Bei meinem JUnit-Test wird allerdings immer eine IllegalStateException bei "have.iterator().remove();" (have ist eine Collection(ArrayList), in die die Primfaktoren geschrieben werden) geworfen :/

Ich hoffe ihr könnt mir helfen


----------



## SlaterB (8. Mai 2009)

du kannst um den entsprechenden Java-Code ein try/catch bauen und dir die Exception anschauen,
du kannst vergleichsweise an einer völlig anderen Stelle eine  UnsupportedOperationException werden

wenn JUnit daraus intern letztlich was anderes macht, dann hast du darauf vielleicht keinen Einfluss,
aber genaueres weiß ich nicht


----------



## 0din (8. Mai 2009)

scheuch dein prog doch mal im debug modus durch die gegend
warscheinlich wird der fehler nämlich nicht an der stelle geworfen sondern du hast irgendwo anders den wurm drin


----------



## mKz (8. Mai 2009)

habe ich schon SlaterB, die falsche Exception wird genau bei "have.iterator().remove();" geworfen


----------



## SlaterB (8. Mai 2009)

> Bei meinem JUnit-Test wird allerdings immer eine IllegalStateException bei "have.iterator().remove();" (have ist eine Collection(ArrayList),

die iterator()-Methode von ArrayList bzw. der dort zurückgegebene Iterator ist entscheidend, und der wirft IllegalStateException,

noch mal von vorne bzw. bisher gabs nur falsche Tipps, auch von mir:
warum sollte der Aufruf ArrayList.iterator().remove(); etwas mit einer von dir programmierten remove()-Methode zu tun haben,
wo ist der Zusammenhang?


----------



## mKz (8. Mai 2009)

Nun, ich sollte die Iterator-Methode remove() neu definieren (damit sie bei jedem Aufruf eine UnsuspportedOperationException wirft).
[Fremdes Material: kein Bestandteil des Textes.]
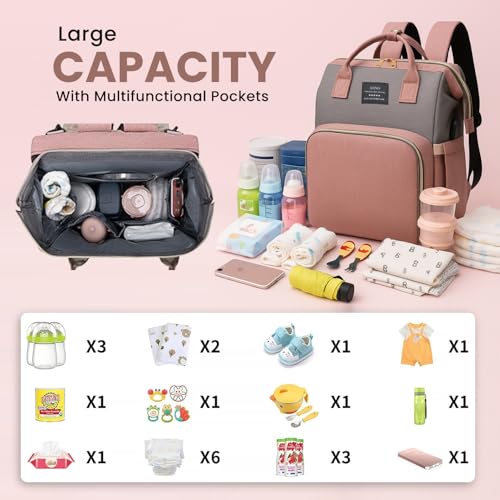 Multifunctional Baby Diaper Bag Backpack with Changing Station Baby Bag for Moms, Dads, Shower Gifts for Newborn Essentials - color: Diaper Bag Pink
Nun möchte ich dies einfach testen. Funktioniert aber leider nicht :/


----------



## SlaterB (8. Mai 2009)

WIE möchtest du sie neu definieren und wie testest du?

eine denkbare Variante wäre, statt ArrayList eine eigene Klasse zu verwenden 
(die vielleicht von ArrayList erbt und lediglich einen neuen Iterator zurückgibt)

einfach so sich was wüschen oder 'irgendwo' definieren hilft nicht unbedingt,
es braucht schon ein schlüssiges Konzept


----------